I like being a copywriter, but lately I feel like it is a bit of a lost art. An afterthought. Something the client supplies, or God forbid, the design team.
This is not a positive development for copywriters, nor is it for clients and their customers who will ultimately judge the work (harshly by ignoring it completely).
Sanam Petri, an associate creative director at R/GA London, writing in The Guardian reminds us that there’s not exactly a capable pool of talent waiting in the wings to reinvigorate the business with fresh ideas and the crisp clean writing skills needed to execute them.
Regarding a class she recently led in London, Petri reports:
The writing is cliched and predictable, a mimicking of the drivel absorbed from years of sitting in front of TVs and radios. The more I read, the more I discover that the actual quality of the writing is poor. And what’s worse, it reflects little passion or interest on the part of the writer. This isn’t the writing of writers. It’s the writing of advertisers.
I appreciate her criticism, but we all start out as mimics. Novelists mimic their favorite prose stylists. Musicians their favorite guitar player or drummer or reed player. Same with the people charged with making ads, we look to awards show books and each other for a false standard of what is good, and what is worth ripping and remaking. The real standard for what’s good is so much simpler. Did it knock your socks off, or not?

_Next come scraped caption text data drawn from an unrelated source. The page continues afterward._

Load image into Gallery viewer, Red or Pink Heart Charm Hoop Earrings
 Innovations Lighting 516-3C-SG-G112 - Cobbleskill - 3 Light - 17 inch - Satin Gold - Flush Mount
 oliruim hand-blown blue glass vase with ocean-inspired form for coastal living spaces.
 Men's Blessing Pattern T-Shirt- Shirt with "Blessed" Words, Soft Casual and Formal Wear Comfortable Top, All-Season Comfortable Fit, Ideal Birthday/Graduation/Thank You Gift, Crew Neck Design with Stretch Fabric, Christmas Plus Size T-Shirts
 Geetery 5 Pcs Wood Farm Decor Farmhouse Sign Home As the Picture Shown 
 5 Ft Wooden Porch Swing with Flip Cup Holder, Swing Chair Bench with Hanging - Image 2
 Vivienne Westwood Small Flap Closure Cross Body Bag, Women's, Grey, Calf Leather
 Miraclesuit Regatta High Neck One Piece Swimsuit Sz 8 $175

I can’t remember the last time an ad campaign knocked my socks. Granted, I am jaded from massive overexposure to the medium. Nevertheless, I feel we are not reaching high enough as an industry. To merely win and maintain profitable accounts is not a big enough goal, not for me. I want us to make beauty and meaning in the world.
Brands need content, they need positive PR and WOM and social sharing. None of these things are an issue for brands when they provide beauty and meaning. Sure, it’s New Age. But let’s not degrade the idea on those grounds just yet. Whatever age we’re in, the need for utterly compelling work remains. The need for craft remains and the need for all the misfits who would apply it remains.